U.k. Student Ordered Extradited To U.s. For Alleged Piracy

  • 16 January 2012

A 23-year-old British college student who operated a popular website that linked to other sites that offered pirated videos is to be extradited to the U.S. where he faces a possible 10-year prison sentence for copyright violations. On Friday a British judge rejected Richard O'Dwyer's defense that he broke no British law (so-called linksites are not barred in the U.K.), that his site did not host any infringing material itself, and that it was unlikely that he would receive a fair trial in the United States. O'Dwyer has said that he used revenue from the site, called TVShack.com, to pay for his college education. The U.S. claims that he earned $230,000 over three years from advertising sold on the site.
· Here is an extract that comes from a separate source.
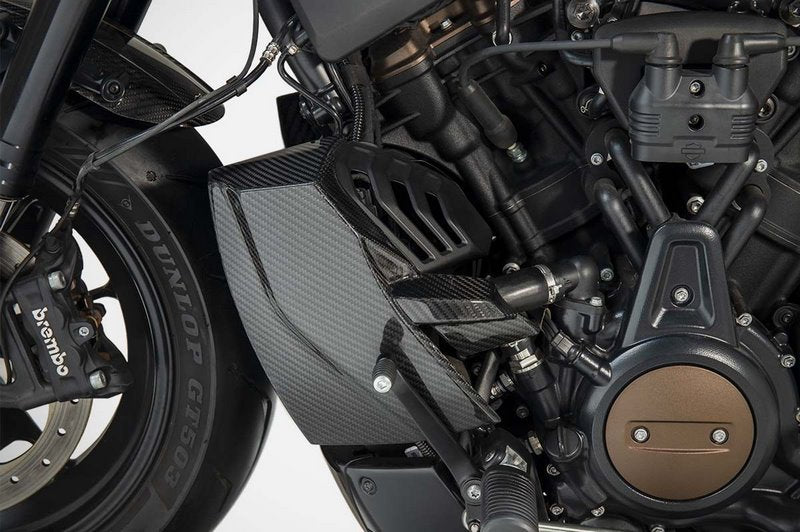 Carbon Radiator Covers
Despite extradition pacts between the U.S. and other countries, it is highly unusual, if not unprecedented, for a foreign court to sanction extradition of one of its own citizens to the U.S. for committing an act that is not regarded as illegal domestically. (Indeed, Mexican courts have refused to extradite fugitives alleged to have committed murder in the U.S. because murder is not a capital offense in Mexico.) Following Friday's verdict, O'Dwyer's mother Julia said that he plans an appeal and criticized Britain's extradition treaty with the U.S., which, she said, "has opened the floodgates to America to come and seize British citizens without even having set foot outside of this country."